A production-ready multilingual Speech-to-Text gateway that intelligently routes requests to language-specific backend services. Built with FastAPI and deployed on Modal, this gateway provides unified API access to Hausa, Yoruba, and Igbo transcription services.
- 🌍 Multilingual Support: Hausa, Yoruba, and Igbo languages with easy extensibility
- 🔄 Intelligent Routing: Automatic request routing to language-specific backend services
- 🛡️ Production-Ready Resilience: Circuit breaker pattern, retry logic with exponential backoff, and rate limiting
- 📊 Comprehensive Observability: Real-time metrics, latency percentiles, and structured logging
- ⚡ High Performance: Keep-warm instances for fast response times
- 🔒 Robust Validation: File size limits, format checking, and parameter validation
- Python 3.11+
- Modal account (sign up here)
- Modal CLI installed:
pip install modal
- Clone the repository:
git clone https://github.com/yourusername/stt-gateway.git
cd stt-gateway- Install dependencies:
pip install -r requirements.txt- Authenticate with Modal:
modal token newDeploy the gateway with a single command:
modal deploy gateway_stt_modal.pyAfter deployment, Modal will provide a public HTTPS endpoint URL.
https://your-gateway-url
Transcribe audio files to text.
Request:
curl -X POST "https://your-gateway-url/transcribe" \
-F "file=@audio.wav" \
-F "language=hausa"Parameters:
file(required): Audio file (WAV, MP3, M4A, OGG, FLAC, WebM)language(required): Target language (hausa,yoruba, origbo)
Response:
{
"request_id": "req_1234567890",
"language": "hausa",
"routed_to": "https://voicebreeze--hausa-stt-endpoint-api.modal.run/transcribe",
"transcription": "Sannu, yaya kuke?",
"backend_response": {...},
"latency_seconds": 2.345,
"timestamp": "2025-11-26T14:00:00"
}Check gateway health and capabilities.
Request:
curl "https://your-gateway-url/health"Response:
{
"status": "healthy",
"version": "1.0.0",
"supported_languages": ["hausa", "yoruba", "igbo"],
"timestamp": "2025-11-26T14:00:00"
}Get supported languages and their backend endpoints.
Request:
curl "https://your-gateway-url/languages"Response:
{
"hausa": "https://voicebreeze--hausa-stt-endpoint-api.modal.run/transcribe",
"yoruba": "https://voicebreeze--yoruba-stt-endpoint-api.modal.run/transcribe",
"igbo": "https://voicebreeze--multilingual-speech-translation-endpoint-api.modal.run/transcribe"

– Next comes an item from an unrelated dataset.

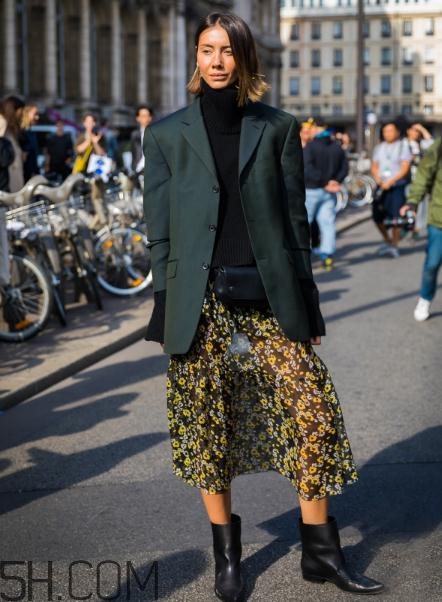 肩窄的女生冬天怎么穿？肩窄的女生冬天穿搭技巧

}Retrieve comprehensive gateway metrics and observability data.
Request:
curl "https://your-gateway-url/metrics"Response:
{
"total_requests": 1523,
"total_errors": 12,
"error_rate": 0.0079,
"uptime_seconds": 86400,
"latency_p50": 2.1,
"latency_p90": 4.5,
"latency_p95": 6.2,
"latency_p99": 12.8,
"language_traffic": {
"hausa": 645,
"yoruba": 523,
"igbo": 355
},
"backend_errors": {
"hausa": 3,
"yoruba": 5,
"igbo": 4
},
"requests_per_minute": 1.06,
"circuit_breaker": {
"open_circuits": [],
"failures": {}
}
}The gateway implements a microservices architecture pattern where a central gateway routes requests to specialized backend services based on the requested language.
┌─────────────┐
│ Client │
└──────┬──────┘
│
▼
┌─────────────────┐
│ STT Gateway │
│ (This Service) │
└────┬───┬───┬────┘
│ │ │
▼ ▼ ▼
┌─────┐ ┌─────┐ ┌─────┐
│Hausa│ │Yoruba│ │Igbo │
│ STT │ │ STT │ │ STT │
└─────┘ └─────┘ └─────┘
| Language | Backend Service | Endpoint URL |
|---|---|---|
| Hausa | hausa-stt-endpoint-api | https://voicebreeze--hausa-stt-endpoint-api.modal.run/transcribe |
| Yoruba | yoruba-stt-endpoint-api | https://voicebreeze--yoruba-stt-endpoint-api.modal.run/transcribe |
| Igbo | multilingual-speech-translation-endpoint-api | https://voicebreeze--multilingual-speech-translation-endpoint-api.modal.run/transcribe |
Prevents cascading failures by opening the circuit after consecutive failures.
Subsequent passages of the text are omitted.